1. If a drive is missing, and it contained a data block you want to read, then you have to do parity calculations to recalculate that block. this means potentially all drives must use their read capacity for this calculation. I think this would be considered stress and max read throughput is significantly reduced. If your block size is very large, or your files much smaller you might get away with minimal performance hit but you're also wasting a lot of capacity/benefit of z2. (In certain pathological cases z2 can have the storage profile of a double mirror, but with all the complications of z2) The rebuild process will require a recalculation for every missing block type, basically every drive will need to perform a read for each restored block. Writing new data to a degraded z2 pool can force zfs to be quite wasteful. For example, a 5 disk z2 pool with 1 drive missing will mean a maximum of 2 data blocks with 2 parity blocks, instead of the expected 3 and 2. restoring that drive will not automatically restore that capacity unless the files are written again to the restored pool. The drives will be filled unevenly, this has performance and storage efficiency penalties.
2. If you replace both degraded drives at the same time, and you aren't using resilver_defered, it should only need to read all other drives once and write to both new disks. But you might not want this, depending on many complicated factors.
I know RAIDZ1 is ZFS variant of RAID5 and RAIDZ2 is ZFS variant of RAID6; I will use all these terms interchangeably because I'm not too interested in the ZFS special sauce here.

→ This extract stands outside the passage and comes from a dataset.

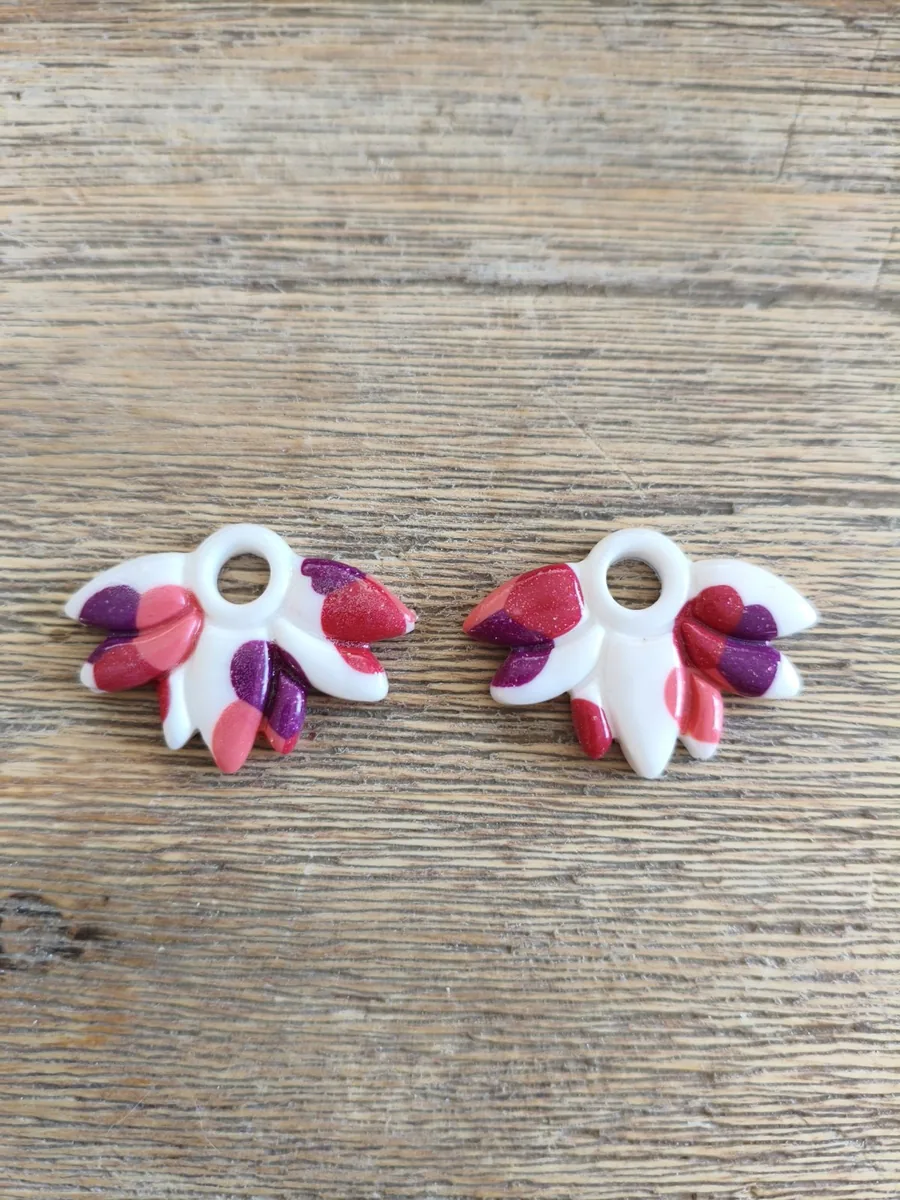cigales d été – vue 2 – blanc,fushia,rose – Pâte polymère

In the early 2000s, a lot of people were pushing RAID5. Having worked in a hosting / colocation data centre for many years I had witnessed many RAID5 failures. What would happen is an array would degrade, and more often than not a secondary drive will fail due to undue load on the array as part of the degraded status. Also a lot of times failure would happen on the rebuild process because a lot of the HW implementations were flakey -- but again also the undue stress on all drives as you rebuild. This is why I would suggest a RAID10 setup at the time because of the double lucky failure, and more importantly because you can trivially use a software implementation which is much more safe. Also a lot of the motherboards at the time were offering RAID but this was really just a binary blob in the kernel doing software RAID with a facade of making it appear like hardware which fooled a lot of people.
Well we've finally done away with hardware / proprietary RAID and we have ZFS, mdadm, etc. I've normally dismissed RAID6/RAIDZ2 because of the parity/rebuild process and concerns of putting undue stress on the drive. But I think maybe this is premature and that I didn't really understand the consequences of a single drive failure versus a double drive failure. So this is kind of what I want to know:
1. When a single drive fails, is there any undue stress on the array, or because the array can pretty much operate unaffected, there's actually no performance degradation until you rebuild the missing drive, and in the case of software it's really just a negligible hit on the CPU if it has to do hashing/erasure coding/etc. I guess the rebuild process is really just the cost of a zfs scrub at this point but at least it is on a healthy array.
2. The good news of RAID6 over RAID10 is you can always survive two drive failure; but I think this is where things are concerning because the rebuild across two drives places a lot of undue stress on the remaining disks, and if any of those disks die then you're shit outta luck. This scenario is much more similar to a single drive failure in a RAID5 failure. But again, I think the rebuild cost is that of a zfs scrub but with the minimal set of disks. So RAIDZ2 would be a much more solid choice over RAID10 right; at least you will always know you can survive a two drive failure?